Exercise objective | Among the lines below, copy exactly those from the one with "New 2026 Santorini" through the one with "Entreen gir deg", counting both ends.

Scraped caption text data

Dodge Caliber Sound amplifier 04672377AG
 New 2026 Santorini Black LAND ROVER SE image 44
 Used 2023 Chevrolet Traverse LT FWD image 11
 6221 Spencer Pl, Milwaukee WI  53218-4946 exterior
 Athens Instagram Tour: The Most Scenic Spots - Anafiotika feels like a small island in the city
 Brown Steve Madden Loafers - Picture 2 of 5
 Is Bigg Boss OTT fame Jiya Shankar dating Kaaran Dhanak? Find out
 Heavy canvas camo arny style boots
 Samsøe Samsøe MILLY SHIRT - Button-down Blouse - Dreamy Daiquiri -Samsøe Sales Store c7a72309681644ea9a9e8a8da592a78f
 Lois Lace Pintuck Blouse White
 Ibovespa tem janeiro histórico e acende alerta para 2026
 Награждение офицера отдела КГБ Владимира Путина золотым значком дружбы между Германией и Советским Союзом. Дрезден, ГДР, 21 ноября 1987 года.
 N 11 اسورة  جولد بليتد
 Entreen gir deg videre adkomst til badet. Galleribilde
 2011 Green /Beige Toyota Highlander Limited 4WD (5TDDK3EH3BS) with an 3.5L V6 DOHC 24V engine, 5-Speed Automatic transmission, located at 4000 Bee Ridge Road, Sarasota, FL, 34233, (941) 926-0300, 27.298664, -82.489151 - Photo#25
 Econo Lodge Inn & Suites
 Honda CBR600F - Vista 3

Response to this exercise |
 New 2026 Santorini Black LAND ROVER SE image 44
 Used 2023 Chevrolet Traverse LT FWD image 11
 6221 Spencer Pl, Milwaukee WI  53218-4946 exterior
 Athens Instagram Tour: The Most Scenic Spots - Anafiotika feels like a small island in the city
 Brown Steve Madden Loafers - Picture 2 of 5
 Is Bigg Boss OTT fame Jiya Shankar dating Kaaran Dhanak? Find out
 Heavy canvas camo arny style boots
 Samsøe Samsøe MILLY SHIRT - Button-down Blouse - Dreamy Daiquiri -Samsøe Sales Store c7a72309681644ea9a9e8a8da592a78f
 Lois Lace Pintuck Blouse White
 Ibovespa tem janeiro histórico e acende alerta para 2026
 Награждение офицера отдела КГБ Владимира Путина золотым значком дружбы между Германией и Советским Союзом. Дрезден, ГДР, 21 ноября 1987 года.
 N 11 اسورة  جولد بليتد
 Entreen gir deg videre adkomst til badet. Galleribilde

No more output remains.